*Stored data entries*.
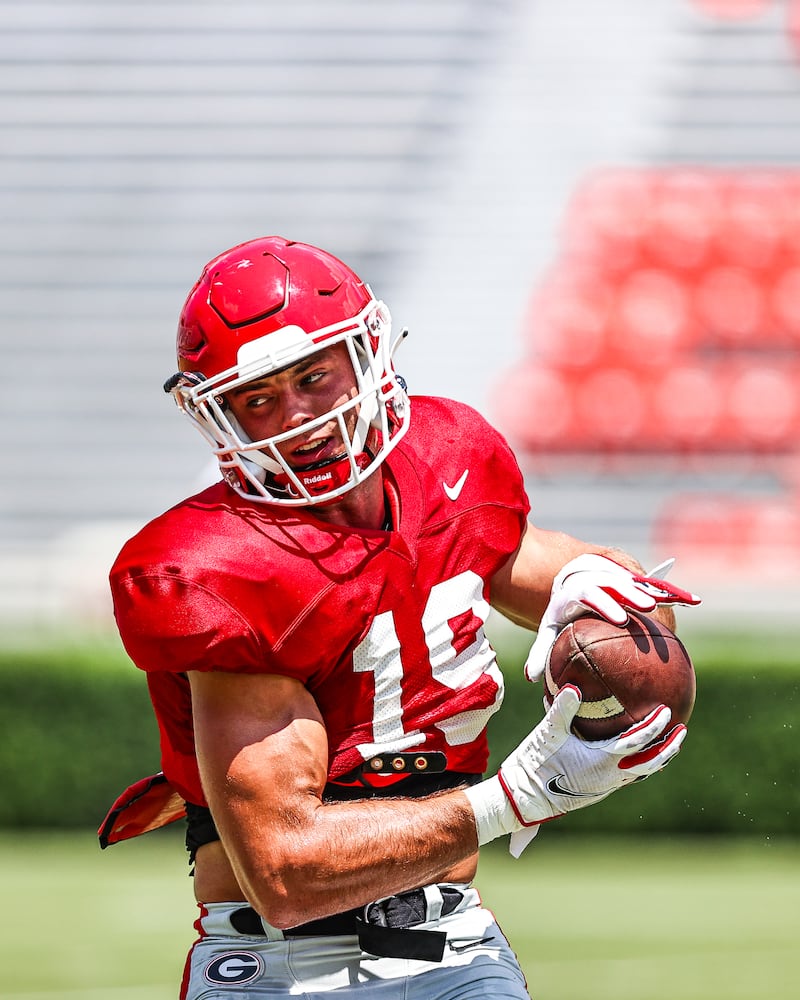 Georgia football practice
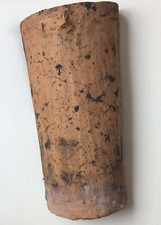 Firstziegel Dachziegel Schindel Ziegel Antik 1852 Handgemacht Garten-Deko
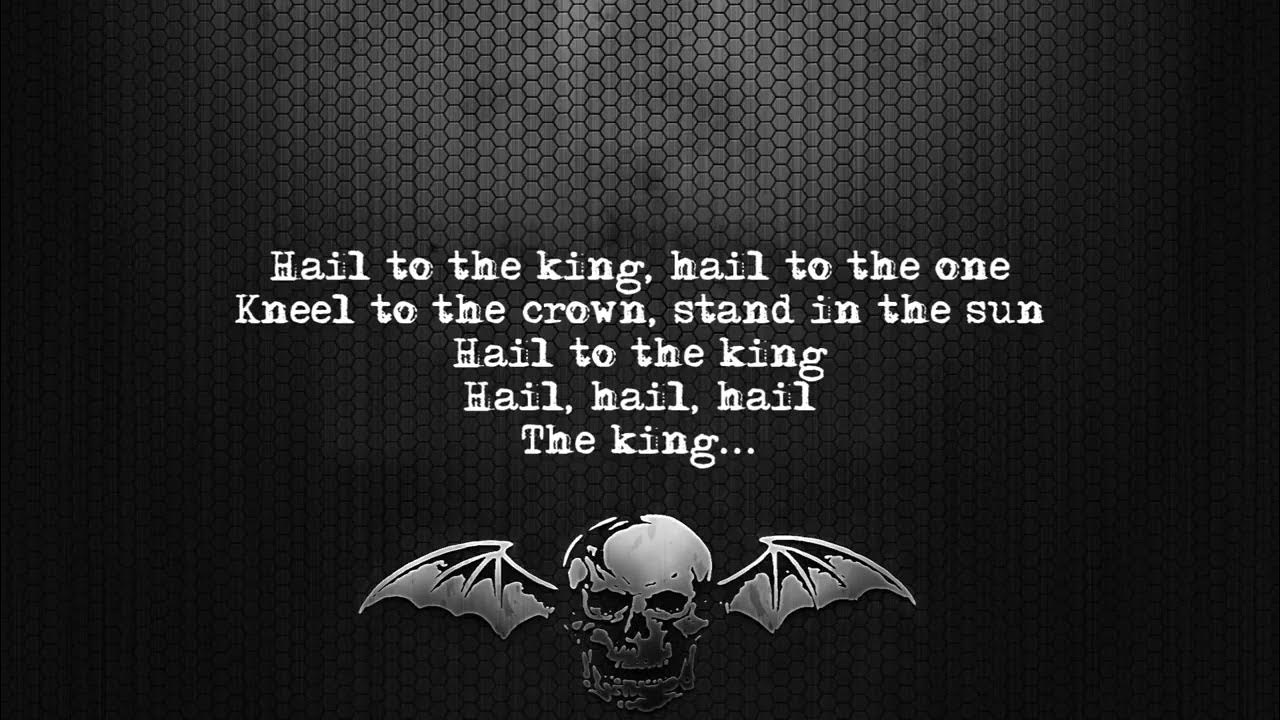 Hail To The King Lyrics Avenged Sevenfold YouTube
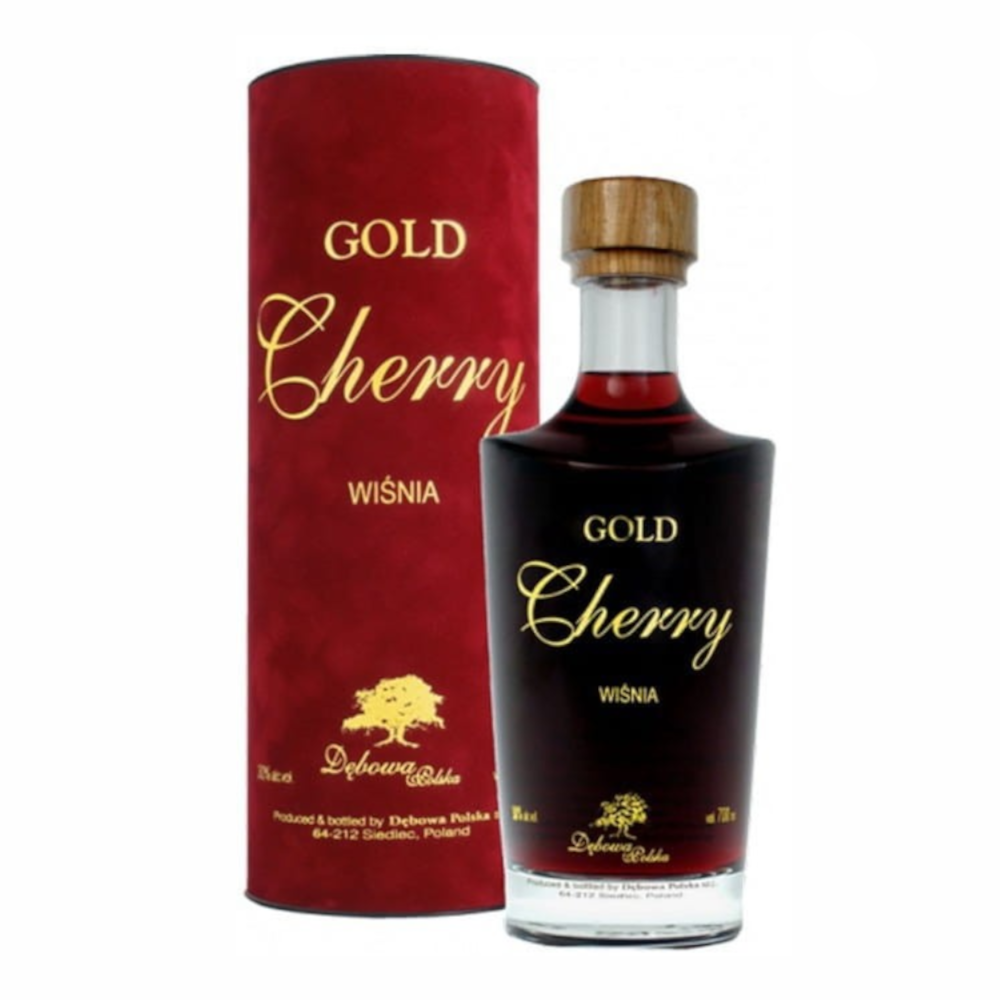 Likier Dębowa Cherry Gold Lampion 30% 700 ml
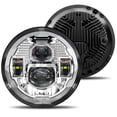 thumbnail image 1 of Faros LED redondos HWSTAR 2023, 18 W, 12 V, 7 pulgadas, para Jeep Wrangler, 1 of 8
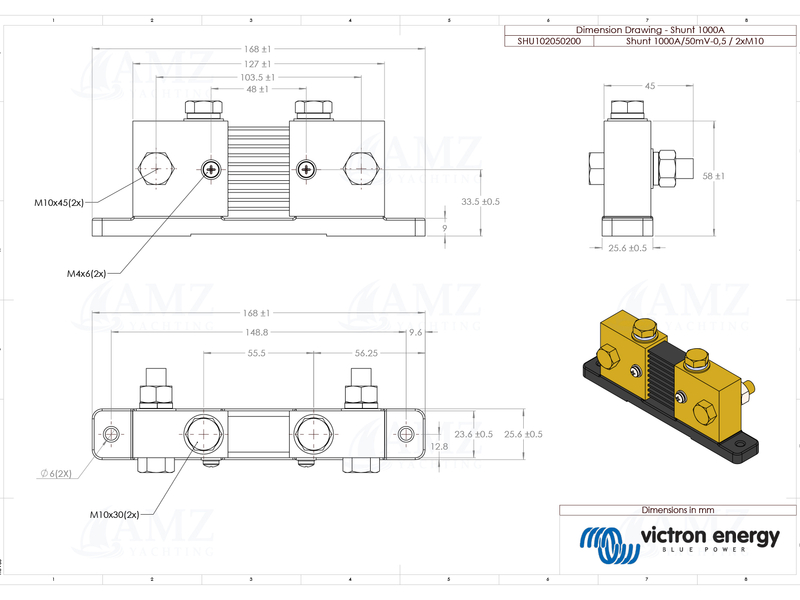 Shunt - 1000A/50mV
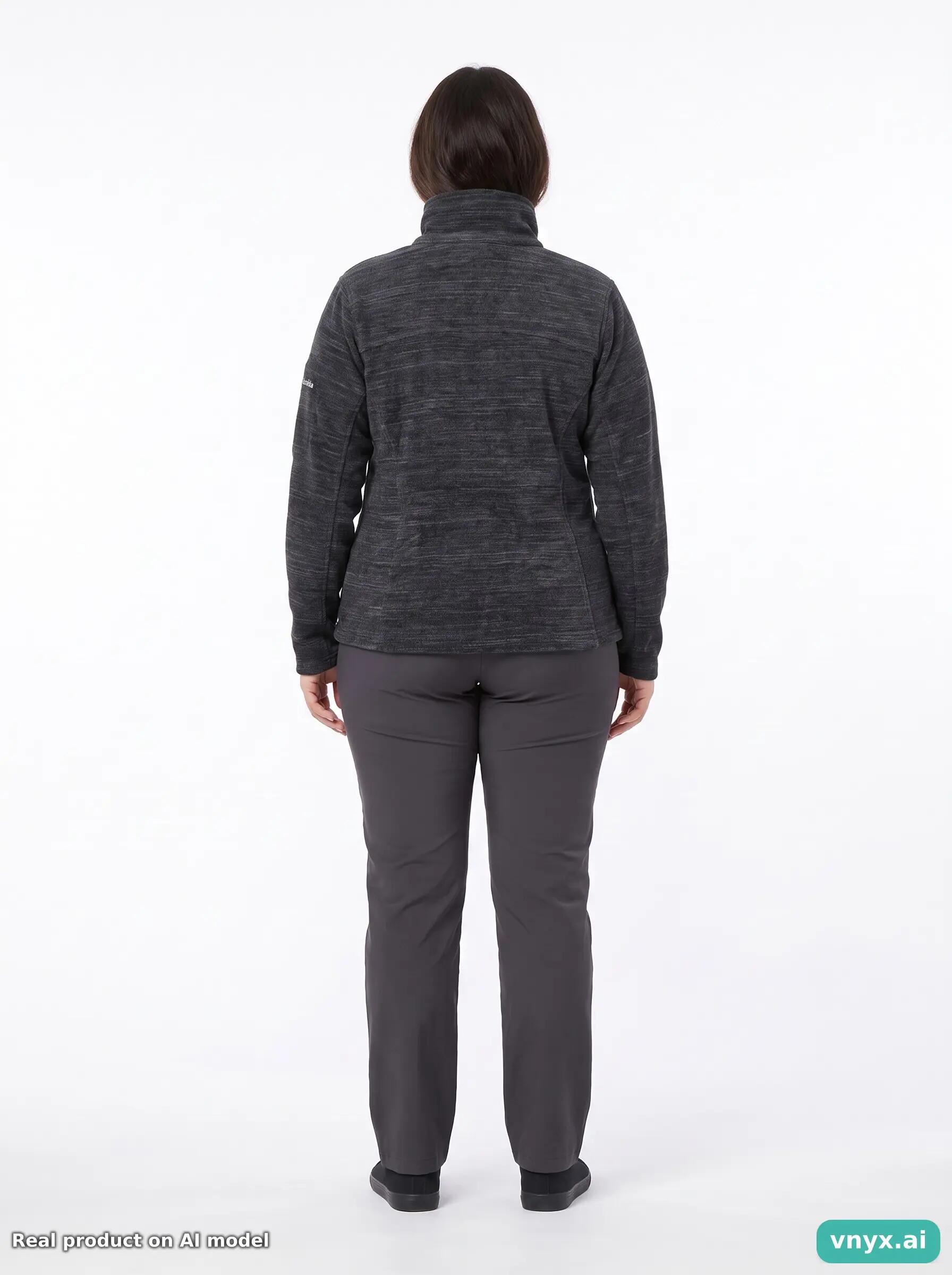 Second Life - Vintage Columbia Sportswear Deep Grey Fleece Jacket for Women in 4/5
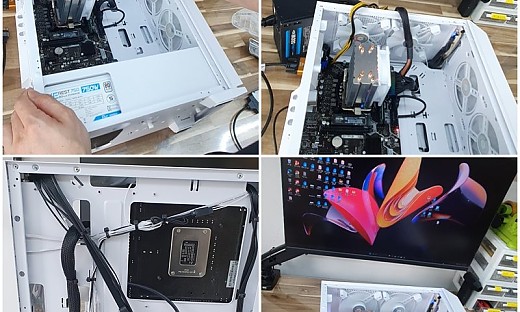 용인 컴퓨터수리 - 데스크탑 전원 안 들어옴, 파워서플라이 불량 교체 사례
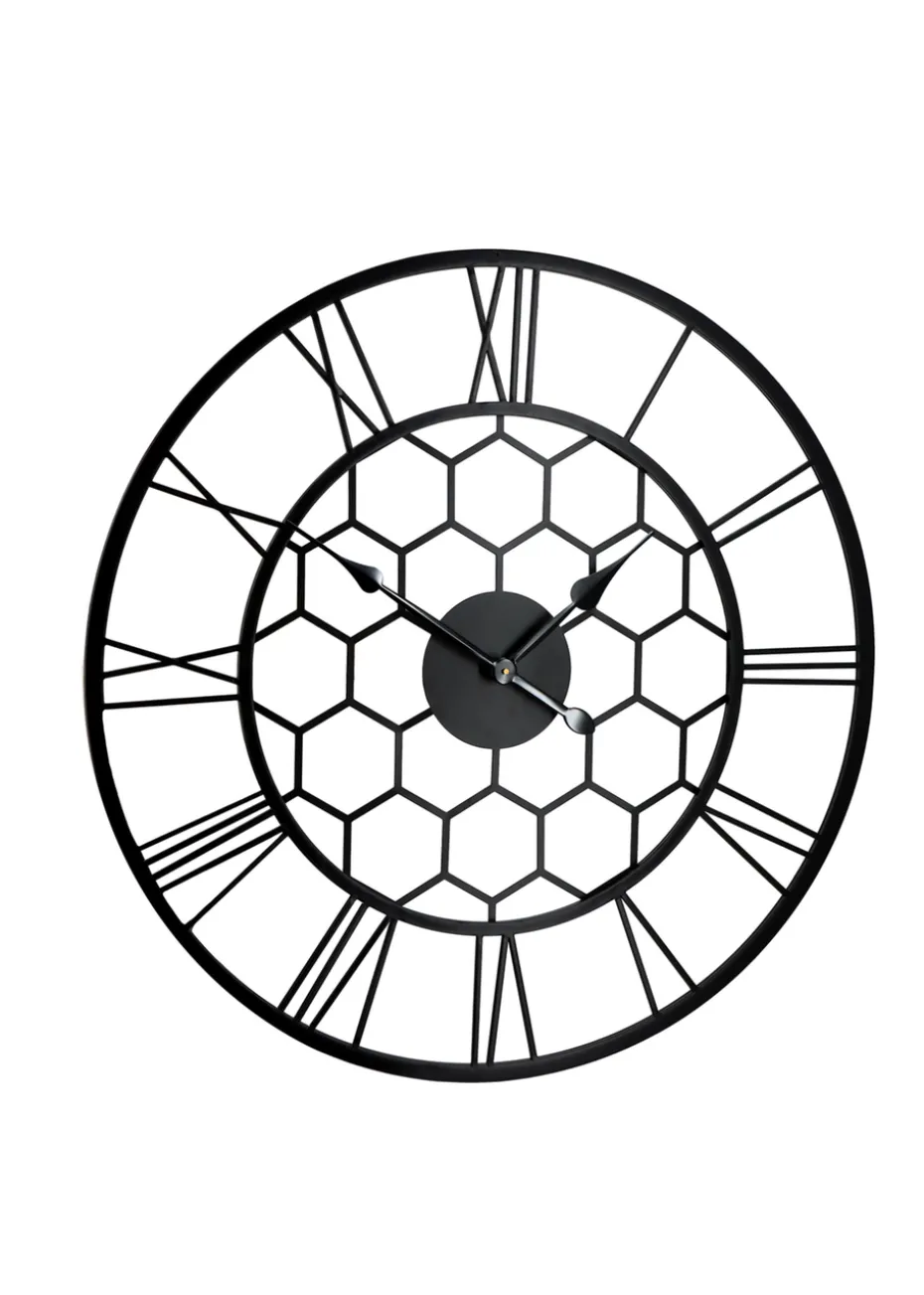 Charles Bentley Stanwick Indoor Outdoor Round Skeleton Wall Clock (Dia. 90cm)
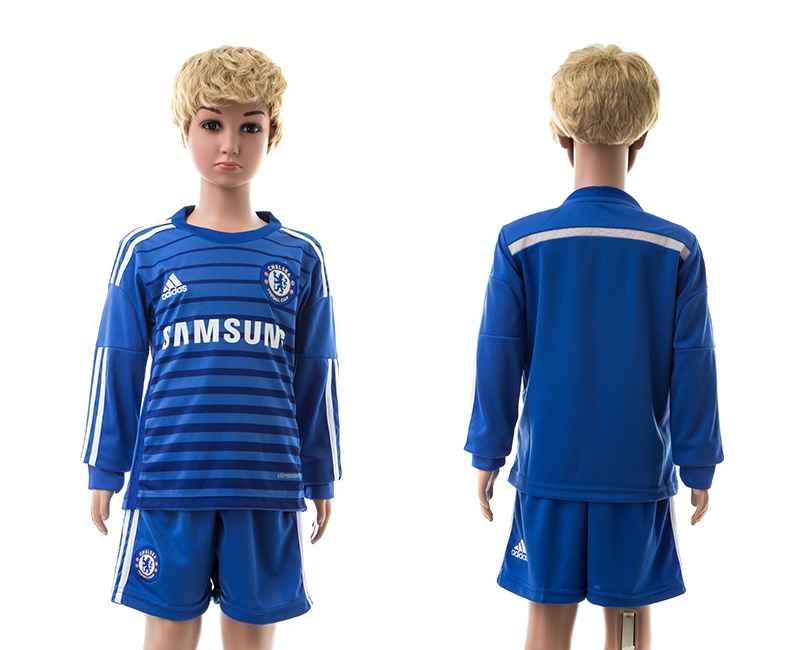 2014-15 Chelsea Home Long Sleeve Youth Jerseys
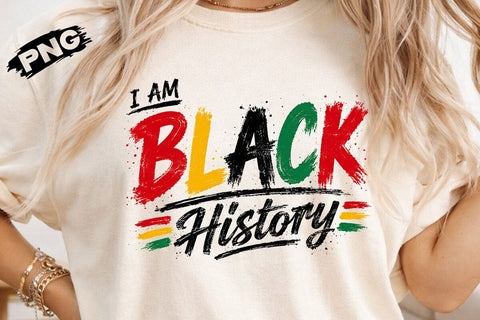 I Am Black History PNG Retro Design SVG DesignDestine 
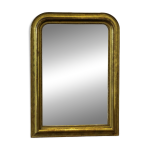 Miroir louis - philippe en bois dor�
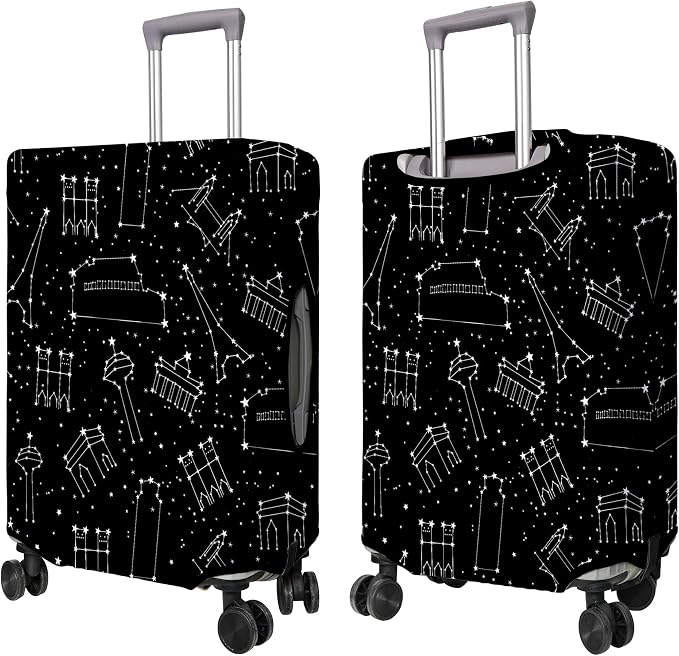Travel Luggage Cover Suitcase Protector Fits 18-32 Inch Wheel Covers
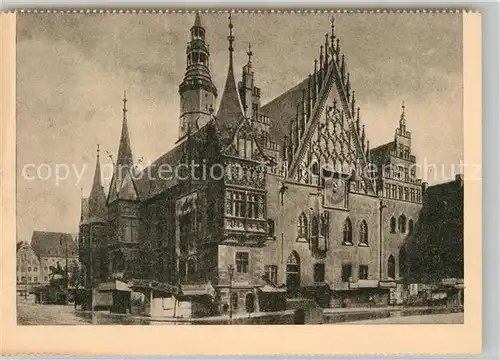 AK / Ansichtskarte Breslau Niederschlesien Rathaus Kat. Wroclaw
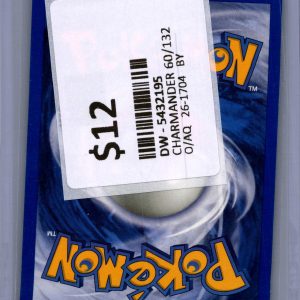 Blaines Charmander 61/132, Vintage Singles Pokemon card - alternate view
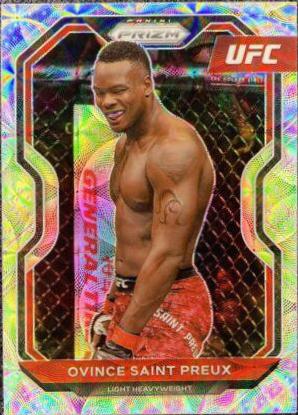 Ovince Saint Preux 2021 Panini Prizm UFC Base #59 Premium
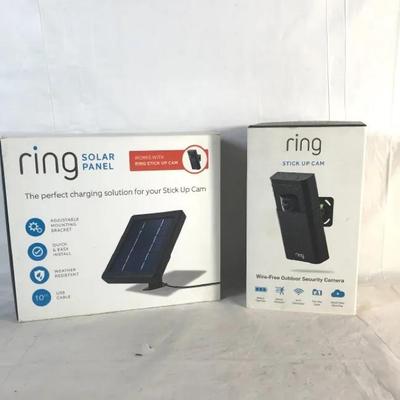 Ring Stick Up Cam w/ Ring Solar Panel – New in Box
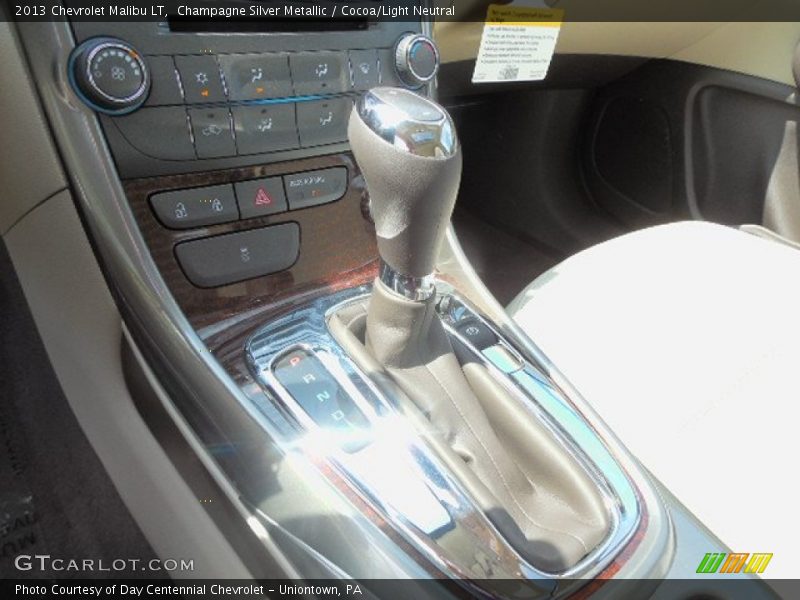 Champagne Silver Metallic / Cocoa/Light Neutral 2013 Chevrolet Malibu LT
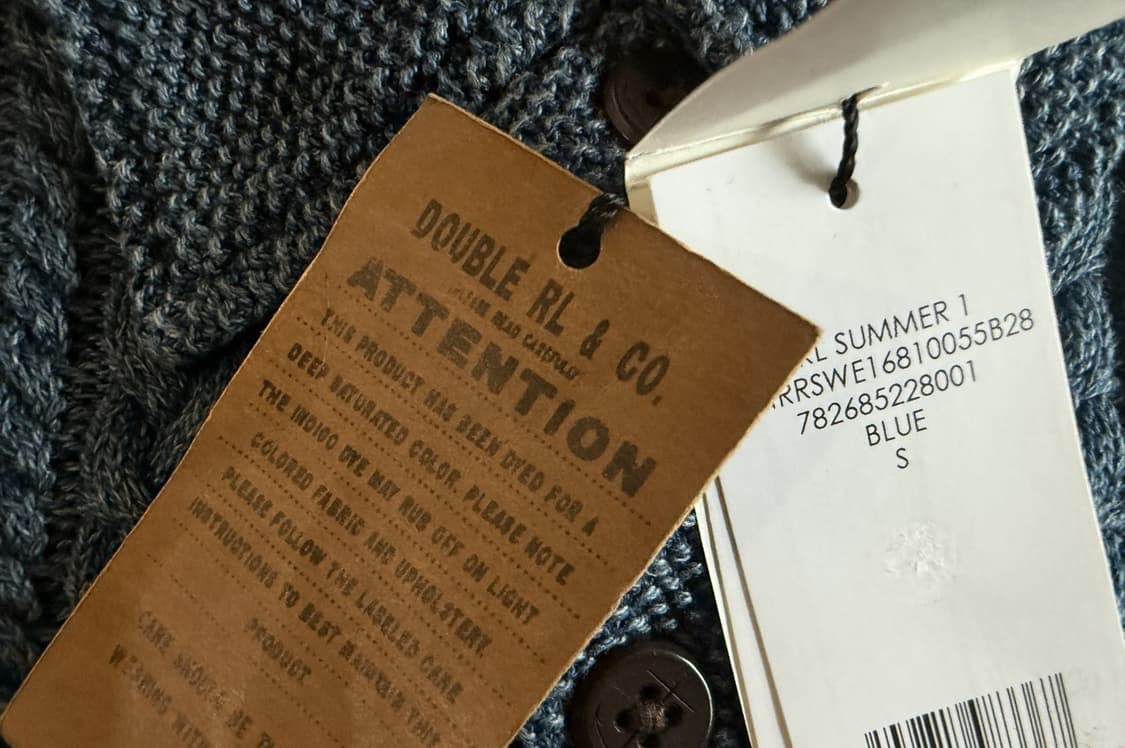 RRL 인디고 코튼/린넨 니트 오버셔츠 상품이미지2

*What to produce*. Retype exactly the lines from the line containing "Champagne Silver Metallic" through the end of the entries above, including both ends, and leave every picture out.

*Exercise response*.
 Champagne Silver Metallic / Cocoa/Light Neutral 2013 Chevrolet Malibu LT
 RRL 인디고 코튼/린넨 니트 오버셔츠 상품이미지2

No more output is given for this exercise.